The Female of the Species was a thrill to read; a true page-turner with well-developed characters and a compelling plot that moved its protagonists at a relentless pace towards the tale's inexorable conclusion. The story was told through Alex, Jack and Peekay's alternating points of view, offering readers a more insightful perspective into Alex, the catalyst driving this dark tragic tale. If guided merely by Alex's judgment of herself, readers would assume that there was no redeeming value to this lost child; but in her interactions with Jack and Peekay, we see a wounded cynicism which belies her age, and an undeniable light and goodness in direct juxtaposition to the evil of her actions.
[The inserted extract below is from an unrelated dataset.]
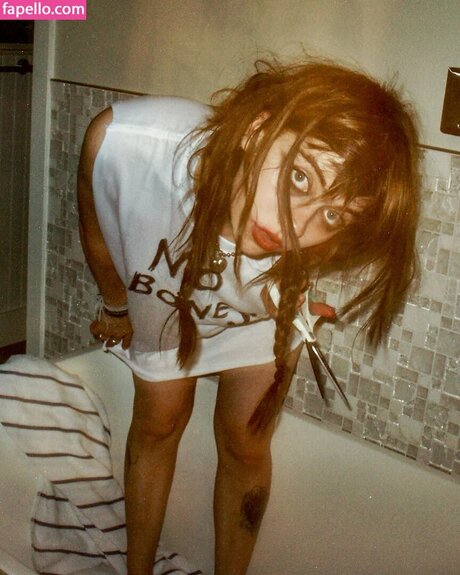 wormsheriff ポルノモデル ギャラリー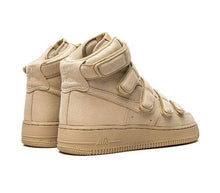 Cargar imagen en el visor de la galería, Air Force 1 High BILLIE EILISH BEIGE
Though the author has woven the important subject of the rape culture found in schools into the tale, I found more thought-provoking the novel's theme of vigilante justice and whether the end justifies the means. Alex kills a rapist and murderer, thereby preventing a predator from finding new prey and victims. Is a murderer a murderer, and a victim a victim no matter the circumstance? Do both crimes have a moral equivalency? I've always felt in these instances that two wrongs don’t make a right; that justice should be left to our criminal justice system or to a higher power, with my sentiment extending equally to capital punishment. After all, it makes no sense that the State is killing someone for killing someone. I'll honestly confess though that I don't know how I'd feel if the injured party was a loved one; if the unbearable grief of their loss and seething anger at the suffering inflicted upon them would alter my moral standing. God willing I never have to find out.
The Female of the Species was a memorable novel that chillingly and poignantly reminds us of the truth of Victor Hugo's astute words, “Every blade has two edges; he who wounds with one, wounds himself with the other” for an eye for an eye only makes the whole world blind.